This entire debate around typed passwords feels like we're still trying to create "a faster horse" instead of "building a car".

We're talking about letting a machine/program know you are really you. Right now a lot people concerned with this topic also carry around advanced computers (smartphones) with HD camera's, GPS, Compas and Near Field or Bluetooth communication capabilities. Surely it would be possible to use something else than keyboard-input to let a machine know you are really you?

A login by 180° close up picture of your face combined with location and IMEI or something? Combining bio data with location and machine or what not... Any ideas?

You're confusing authentication with identification.

Many (most?) web services and software only require the former, not the later. They don't need to know that you're Joe Bloggs, only that you're the unidentified person that created the account and are the one entitled to use it.

This is a more and more important distinction as privacy issues grow.

I think you're right. This makes it simpler. All that is required is an authentication. Right now this is 'input through keyboard' because a keyboard was the only way to provide input. Thinking about other forms of input would help.

Mozilla Persona.

No password needed at all - your email provider verifies your identity to your browser, and then your browser uses the key generated from that to sign you in.

And how are you signed into your email provider?

Your identity provider doesn't need to be your email provider. You can use something like https://www.persowna.net/ (disclaimer: I wrote it), which can use any manner of authentication it likes. I may just add client SSL certificates as a way of authentication, that will be interesting.

You can also self-host and choose any authentication you want, however specific to you.

Also, this isn't directly relevant to what the GP said, but using a standardized, decentralized way to authenticate is a huge win. It effectively turns all sites into requiring arbitrarily strong authentication (at the very least, everything suddenly supports two-factor auth when it supports Persona), but you still don't have to trust a third party with your authentication (you can run it on your home computer).

It's Personas all the way down... ?

The problem with biometrics and the like is that you can always capture the data somewhere along the way and then fake a client to imitate it. So if your passwordish thing gets compromised, your account can be compromised.

And once that happens, you can't change a password that is your face.

Sure it's fast on algorithms that were designed to be fast (SHA1, MD5, various jokes thought up in five minutes, etc). However, what you want to look at is a proper method. From the performance table:

    bcrypt $2a$ 	3788 c/s 	1583 c/s 	3861 c/s 	626 c/s
That will take a while...

It's also still attacking based on a lot of assumed patterns. Any passphrase that is a quote from popular literature or movies is bad choice. At this point any grammatically correct phrase is probably a bad choice, as that's a much smaller pool than you get with and handful of truly random words (e.g. as you get with diceware).

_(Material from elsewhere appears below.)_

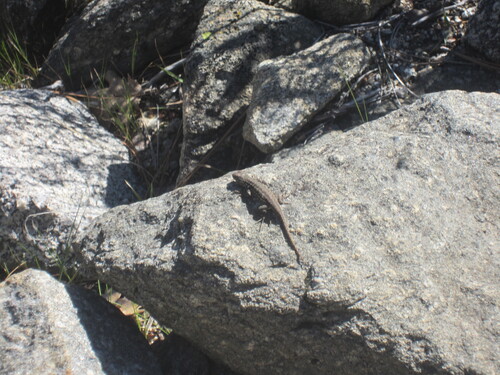 iNaturalist observation photo of Common Sagebrush Lizard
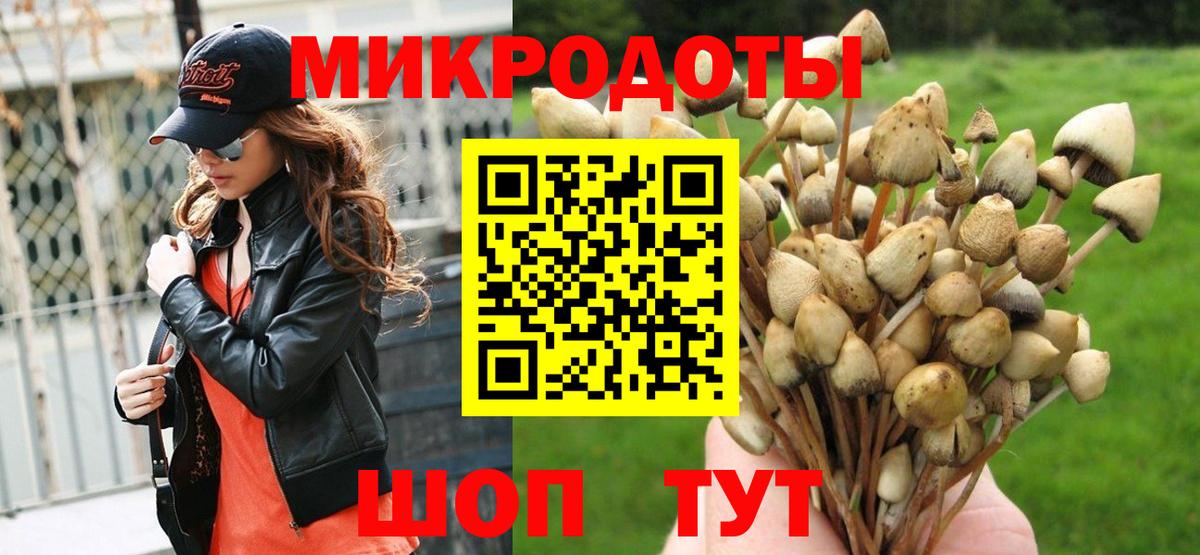 Волгоград  Галлюциногенные грибы Psilocybe  Вход с VPN  Псилоцибиновые грибы GOLDEN TEACHER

I hope we see a much stronger push to two-factor auth soon. Even if it's imperfect (e.g. SMS messages) it's still a huge extra hurdle for the typical cracker.

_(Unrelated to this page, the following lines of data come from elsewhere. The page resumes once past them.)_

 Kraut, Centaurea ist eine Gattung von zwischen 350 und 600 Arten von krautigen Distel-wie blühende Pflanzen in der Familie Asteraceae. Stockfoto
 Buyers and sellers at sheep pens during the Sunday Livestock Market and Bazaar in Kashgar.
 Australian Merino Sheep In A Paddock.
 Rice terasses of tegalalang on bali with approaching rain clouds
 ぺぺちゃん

I wonder whether "correct horse battery staple" is in the RockYou password list.

I just checked and it's not there, I think the leak predates the comic.

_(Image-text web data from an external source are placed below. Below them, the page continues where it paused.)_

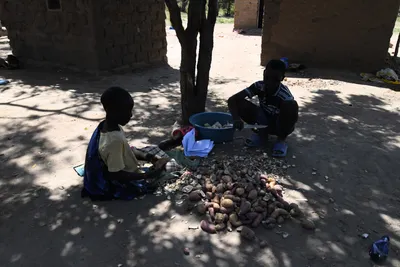 DSC_2768 (Large).JPG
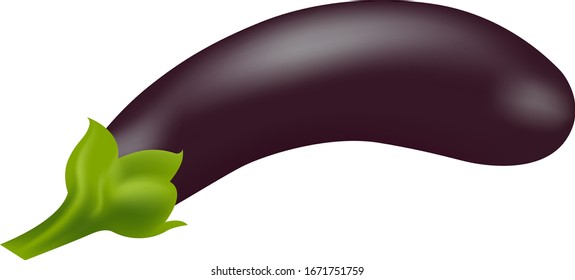 Realistic eggplant fresh vegetables on white background vector illustration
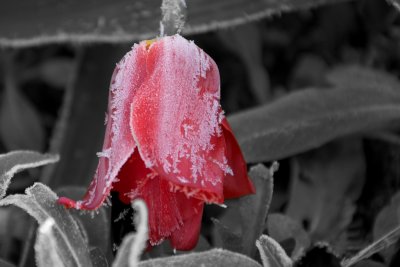 Winter Again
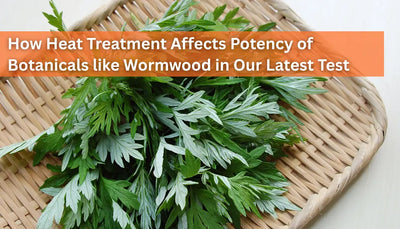 How Heat Treatment Affected Wormwood in Our Latest Test: A Revealing Find Using HPTLC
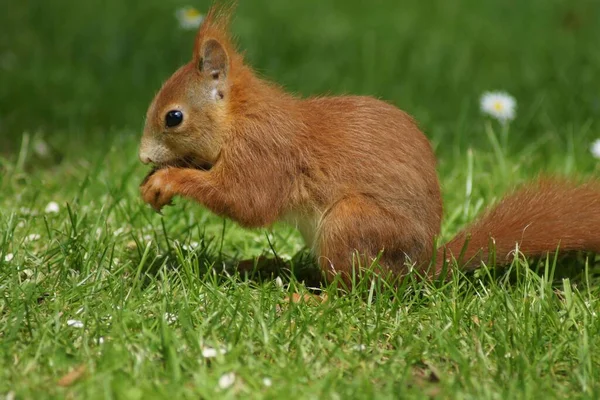 リス動物で面白いげっ歯類 — ストック写真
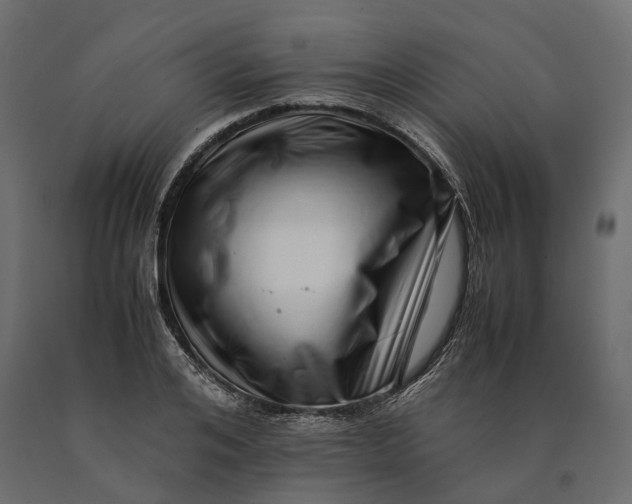 X0000090430984200708031125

It's important to remember one key takeaway from this. It still applies to offline hashes.

That means, if your db is compromised, it's pretty much game over for your users (who will invariably reuse them elsewhere) if you used simple hashes - another key takeaway. Bcrypt (or better yet, scrypt) is still the better option for this very reason.

Edit: To clarify, it doesn't matter that you limit logins, lockout users after failed login attempts etc... (although, those are good measures to start) The password hashing scheme must withstand bruteforce cracking of this nature to a feasible degree regardless of what limiting protocols you have in place. Just in case...

passwords will continue to be the weakest link in the chain for many systems until we start forcing uniqueness:

every webmaster/admin cracks their collection of hashes against common wordlists, and if any given password appears too often (or at all, against a weak wordlist), user is forced to change it.

"But complex passwords are too difficult to remember"

Not necessarily:


"Must I have a different one of those for every service?!"

Nope. ebay, twitter,facebook:




also, as has been pointed out - bcrypt.

are there any hash ciphers that allow offline cost stretching yet?

That's not a good scheme to be promoting. If I have your twitter password, I have all your passwords. Also, by adding this restriction you are giving away the passwords of other users in the system.

No, that's the point of randomly modifying each password per system.

The example was over simplified, but i guarantee you if you got one of my passwords you wouldn't work out where the per-system bit is.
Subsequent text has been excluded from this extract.